オレンジににじむ東京タワー





リリーさんの「東京タワー」はもう何も言う必要が無いくらい一般的な書籍となってしまった。
私はよく居る人のようにそれを読みながら自分を重ね、自分の母を重ね、そして東京を重ねて、かなり大量の涙を流しながら読んだ。


私は「ヤラレタ!」と思った。自分の底のほうに抱えていていつか排出したかった、「地方出身者」の「東京」と「地方の色濃い家族」というものに関する絶妙な表現を、されてしまったから。私は彼のように文章を公に発表する立場にも居ないしそれを求められても居ない。でも何故か、自分(地方出身者)の「東京」と「地方の色濃い家族」について、そしてそれを象徴する「東京タワー」という物体に対する感情を、いつか、何かの機会に書き記したいなあと思っていた。それをきちんと表現できているのはすごい。



そう、リリーさんのあれは、うまい。とても。


まず、東京という街は想像以上に地方出身者が多い。(これは周知の事実で私は上京する前から耳タコだったけれど、本当なんだと東京の実生活で実感した。)

ということは、それぞれに「イナカ」が存在する。日本の(とりあえずの)都会としての頂点:東京からすると、全て「イナカ」だ。そこ(の大部分)にはドラマに出てくるような洗練されたビルや施設、一部(でもかなり多いけど)のセレブーなんて呼ばれる人たちが闊歩するなんていう「日常」はない。
地方のスーパーに行けば地元で採れたキャベツが88円で売っているし、飲み屋といえばせいぜい養老の瀧(フランチャイズ)か焼き鳥屋か「スナックなおこ」というバーだ(全て想像)。多くが車を持っていて、90%国産車、軽自動車も多い。(都内の一等地駐車場なんてガイシャだらけだよね、あれ。)

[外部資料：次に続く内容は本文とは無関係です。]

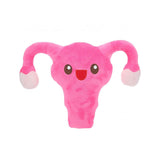 Shots Happy Uterus Cuterus Stuffy Pink plush toy with a cute smiling face in bright pink color.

話が脱線したけれど、そういう「地方人」には特に染みるつくりになっている。
最初は「東京」に戸惑いながらもそれになじんでゆき(もしくは、なじんだように錯覚し)「地方の自分」(家族)を、少し切り離してみてしまう。東京にいるときはどこか気を張っている。地方にいるときは信じられないくらい緩んでしまう。
まるで「東京人の私」と「地方人の私」という2つの人格があるかのようだ。私はこの小さな葛藤を何回かに分けて経験した。(なーんて言うとすごいコトみたい!)「どっちが本当のわたし?東京は違う?」という主に「東京ナイズされている自分」へ警鐘を鳴らしたりしていた。
でも、答えは「どっちもわたし」しか無いんだけど。



2つの人格ではなくて、「環境への順応の必要性」によって私のオートマチックな機能が知らず知らずのうちに「東京ナイズ」「してくれていた」のだと思うようになった。

そしていつの間にか、「東京より劣る」位置づけだった自分の「地方」が、とてつもなく愛しくなってきた。地方独特の「無い」状態の緩み、心地よさ。ひとりひとりのゆとりが生み出すのんびり感。温かさ。今では自分の「イナカ」がとても好きで、そこで生まれて良かったと思う。
そして未だ、そしてこれからもそこで生きていく家族(主に両親)をさらに愛しく思う。



私は東京タワーをとても儚いものだと思う。私がそれを目にするのは、たいてい、夜。電車から、自動車から。
東京タワーは、「いきなり」現れる。ビルの間から。そして「あ!綺麗!」と思った瞬間に、またビルの陰に隠れてしまう。とても、儚いな〜と思う。にじんだオレンジ色のグラデーションが目に飛び込んですぐに、パッと消えて暗闇となる。だから、「ずっと」「いつも」在るものなのに「儚い」ものに思える。それを、自分や、揺れる東京そのものに重ね合わせてしまうのかもしれない。



東京は、まとまりがない街だ。ジャンクで、混沌としていて、豊潤で、渇望していて、混乱していて、とにかく交じり合っている。そのまとまりのなさを、唯一東京タワーというものが集約している気がする。(なんて誰かもう既に書いていることなんだろうな)


引っ越した街の駅から自宅への帰り道、大きくは無いけれど東京タワーが見える。あのふもとには今誰か居るのだろうか、タワーを挟んであちら側はキラキラわいわいしているのだろうか、遅くまで働いている人がいるんだろうか。


私ははからずも「東京」に住む期間が長くなった。「一過性」のような場所であった東京が、自分が住みついていく場所になった。数年前にこんなこと思いもしなかったな、と、暗い中ににじむオレンジからできるだけ目をそらさないようにするんだよなぁーと。